• _Items from a data source_:
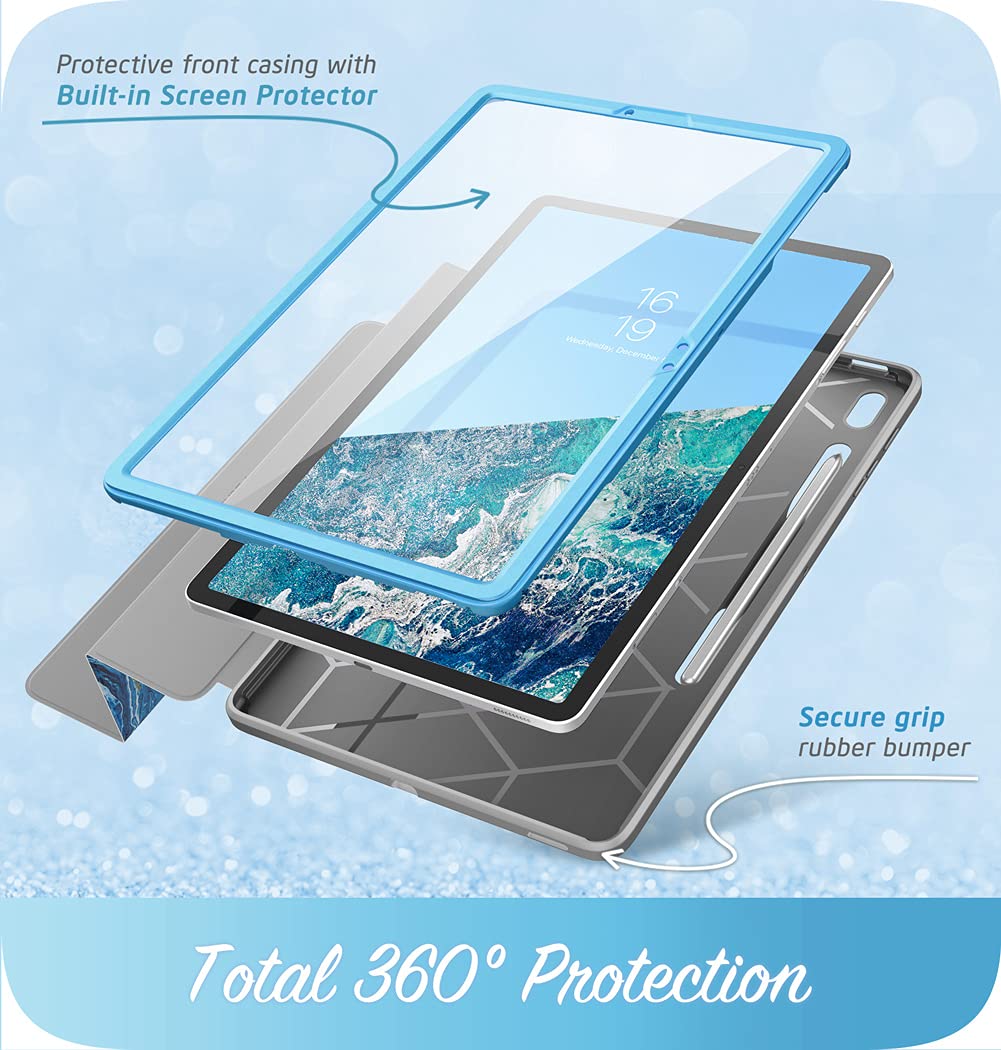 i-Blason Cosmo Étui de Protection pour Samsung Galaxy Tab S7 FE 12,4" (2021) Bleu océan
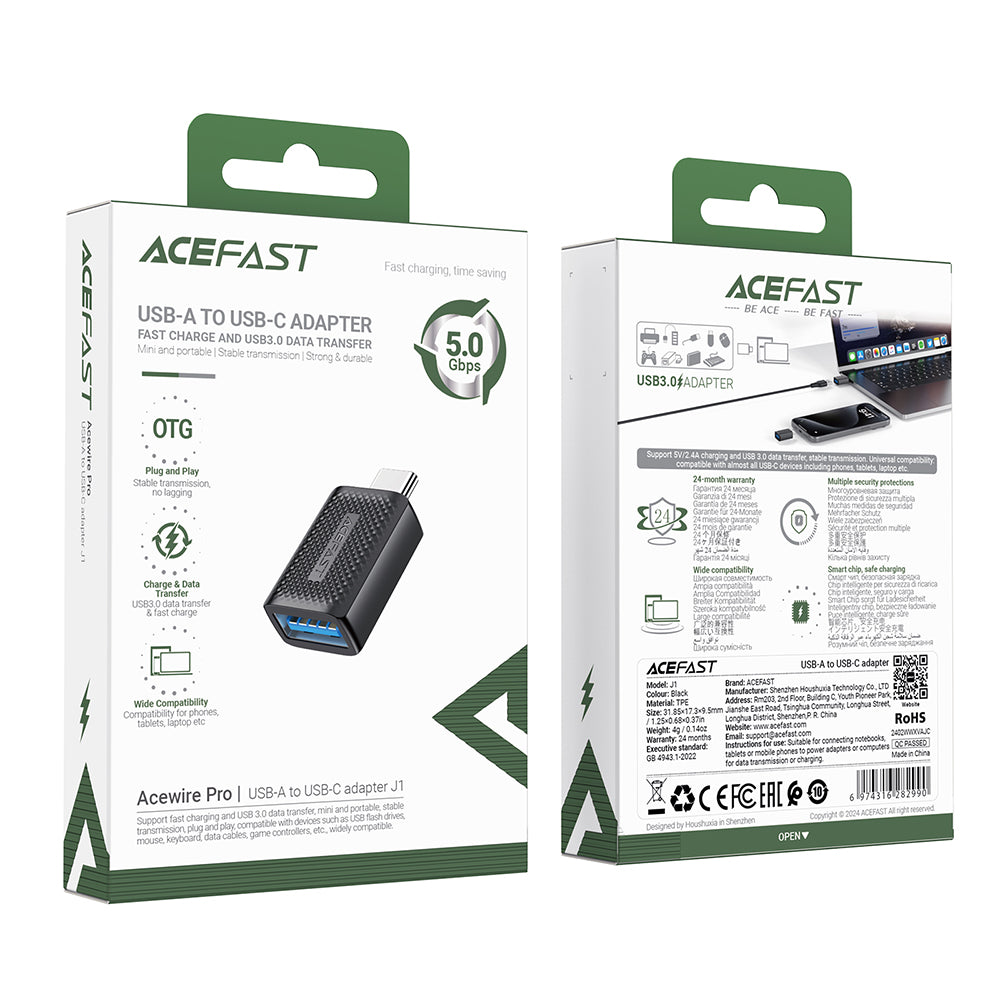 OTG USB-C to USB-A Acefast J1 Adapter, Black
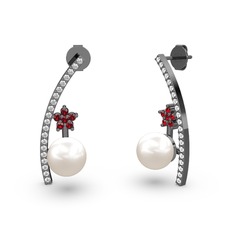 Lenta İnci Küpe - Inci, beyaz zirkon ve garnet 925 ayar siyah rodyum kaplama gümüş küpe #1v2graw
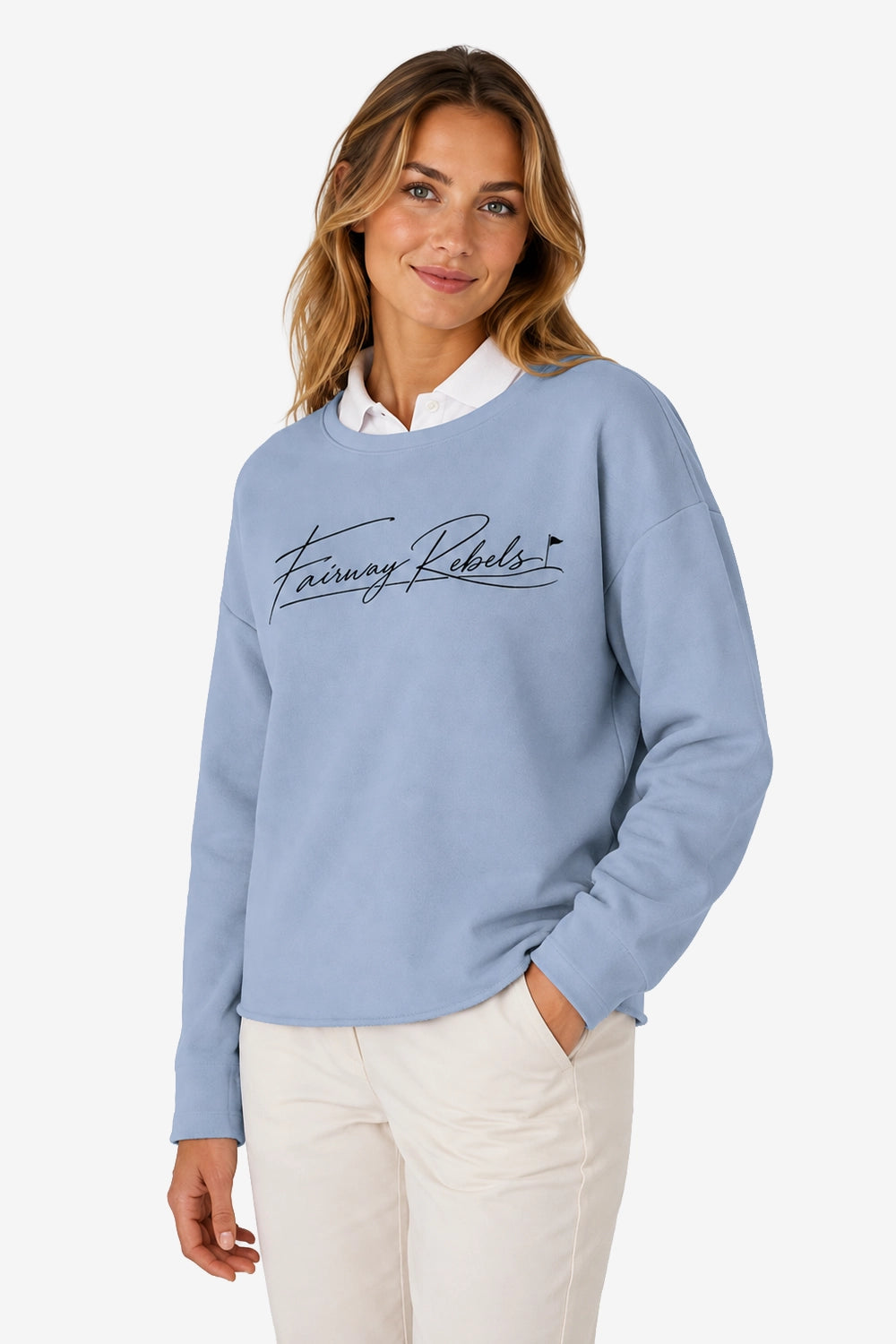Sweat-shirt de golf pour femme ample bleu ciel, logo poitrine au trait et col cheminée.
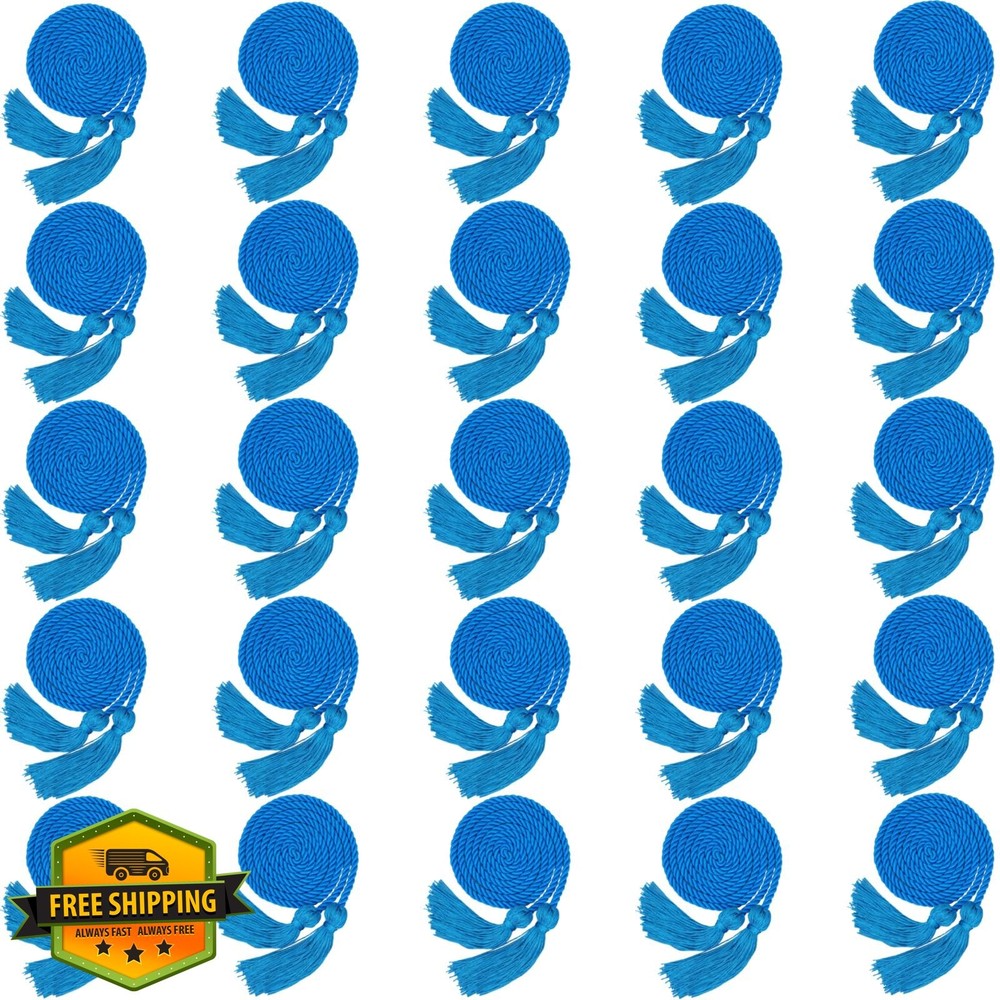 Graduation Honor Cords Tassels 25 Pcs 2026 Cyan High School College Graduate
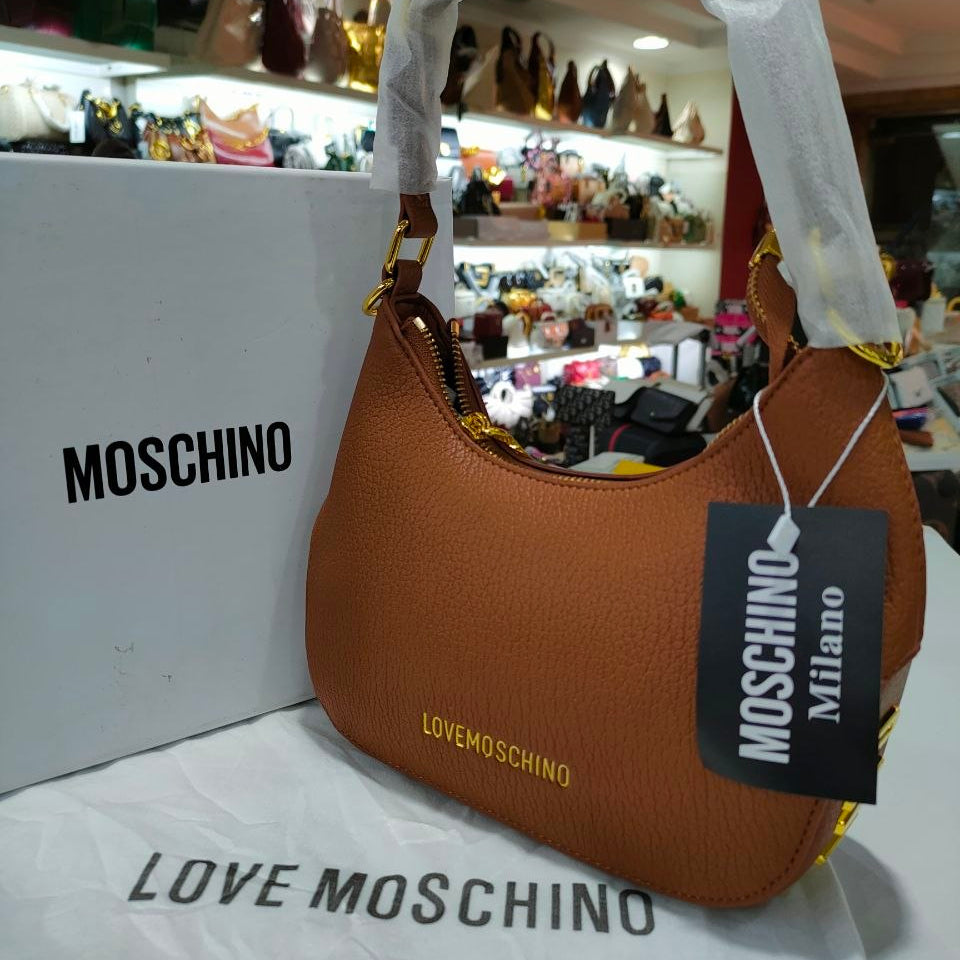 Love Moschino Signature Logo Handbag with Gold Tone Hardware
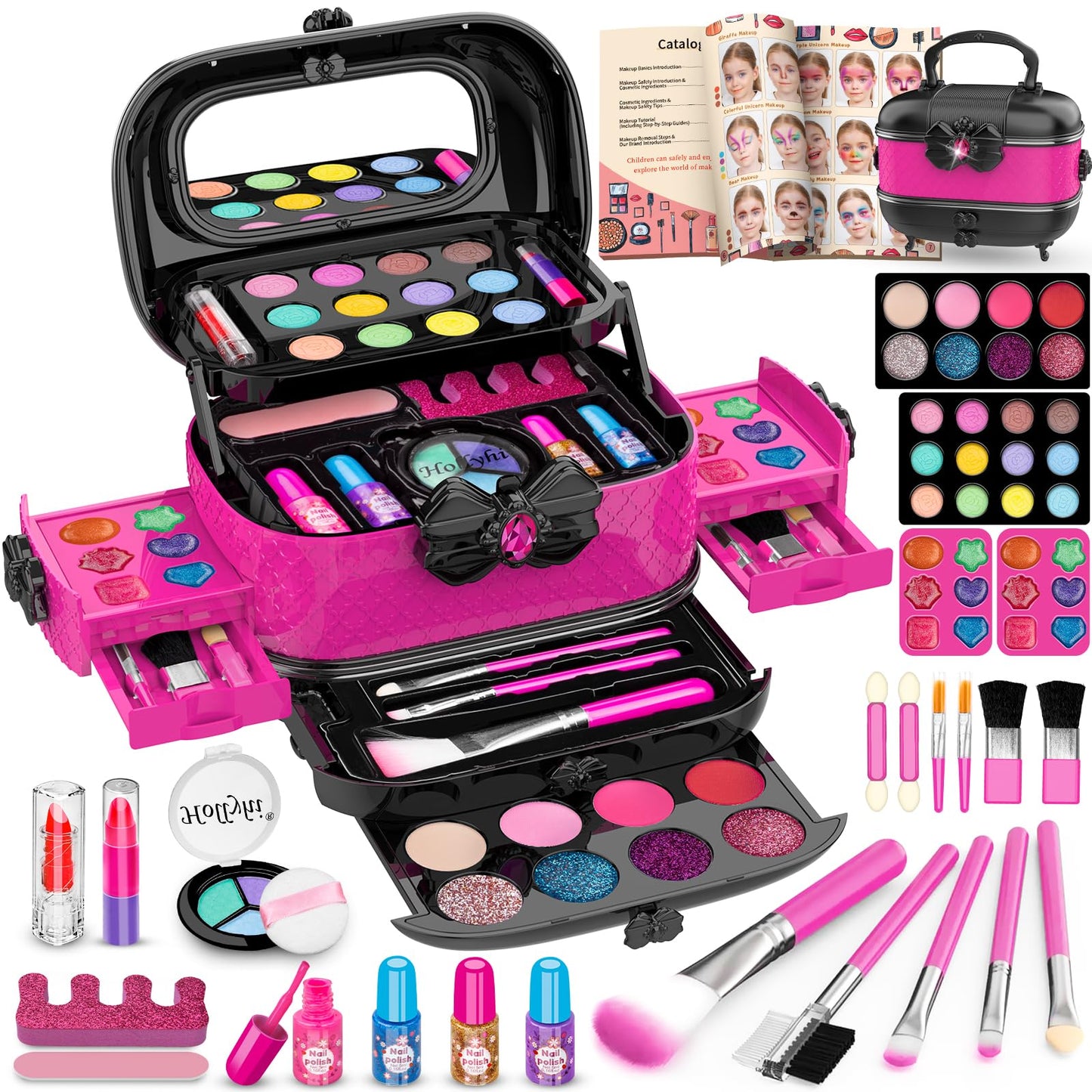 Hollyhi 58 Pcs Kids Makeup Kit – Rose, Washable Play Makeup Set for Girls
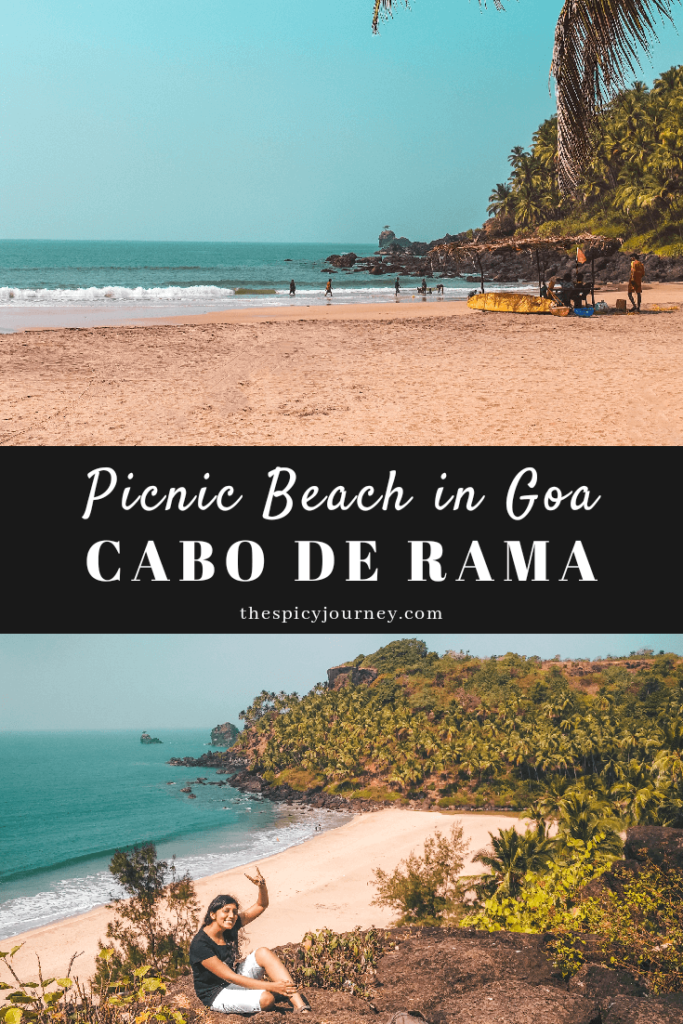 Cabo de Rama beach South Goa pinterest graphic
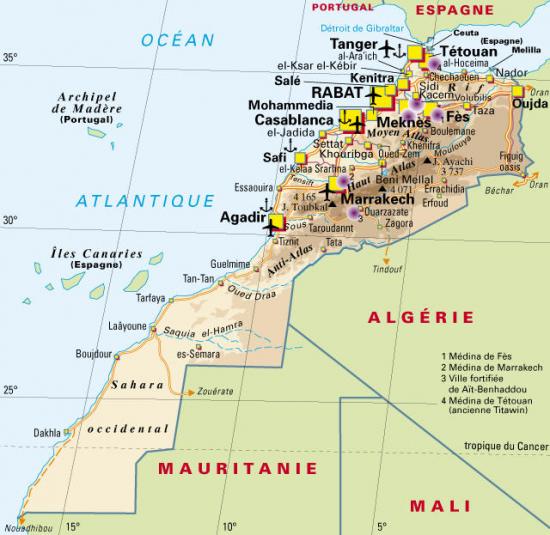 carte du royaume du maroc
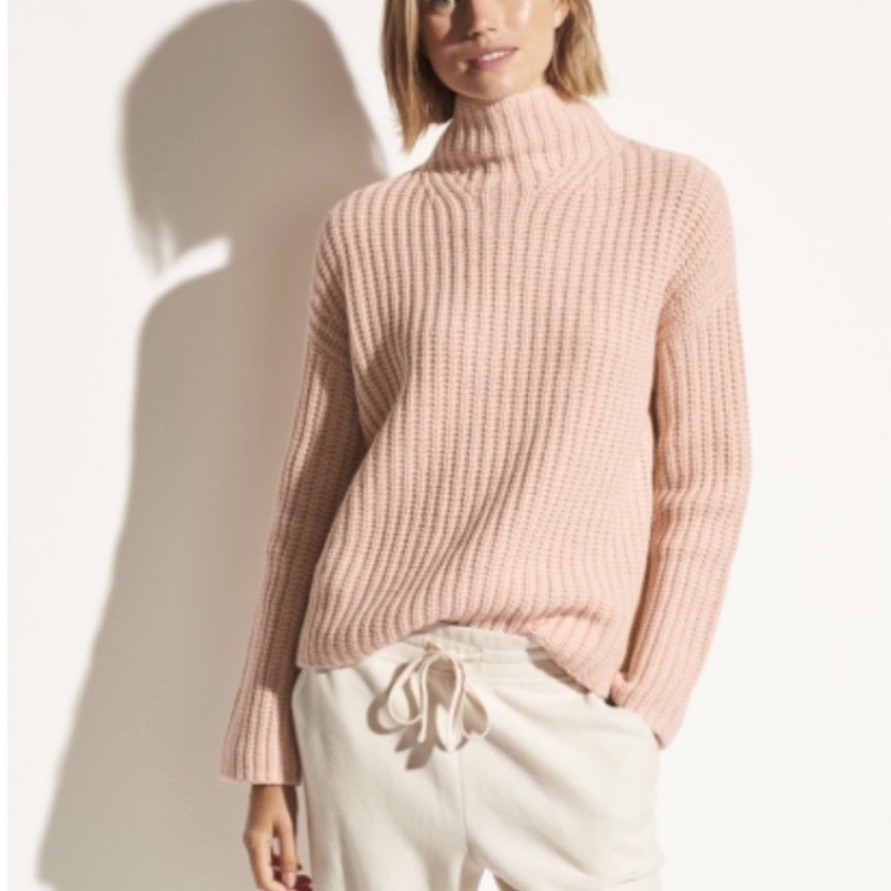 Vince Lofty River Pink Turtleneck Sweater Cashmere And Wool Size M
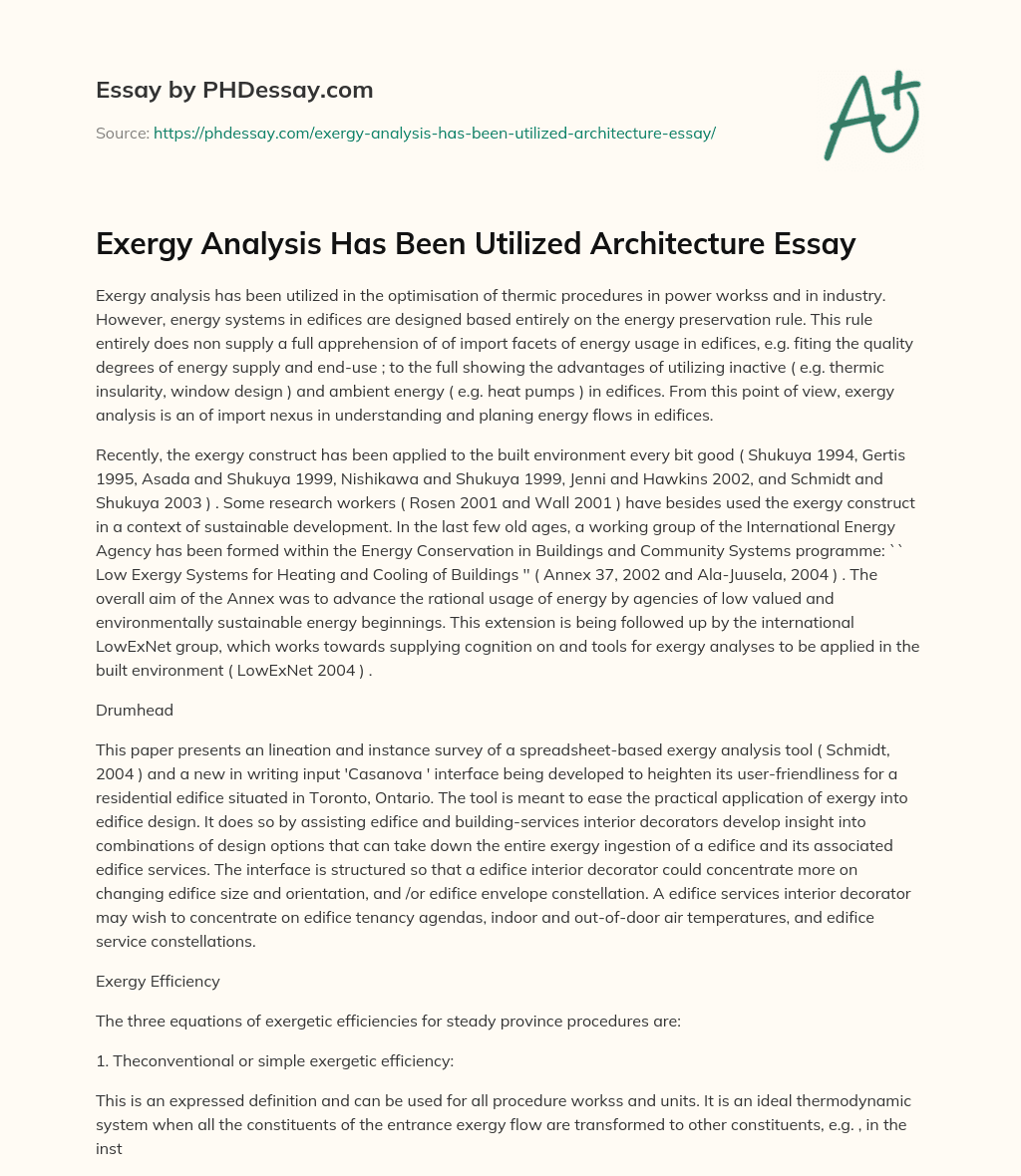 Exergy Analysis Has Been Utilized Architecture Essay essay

• _Task description_: Output only these lines, word for word: the line containing "Hollyhi 58 Pcs" and every line after it through the last line of the data. Omit the pictures.

• _Your solution_:
 Hollyhi 58 Pcs Kids Makeup Kit – Rose, Washable Play Makeup Set for Girls
 Cabo de Rama beach South Goa pinterest graphic
 carte du royaume du maroc
 Vince Lofty River Pink Turtleneck Sweater Cashmere And Wool Size M
 Exergy Analysis Has Been Utilized Architecture Essay essay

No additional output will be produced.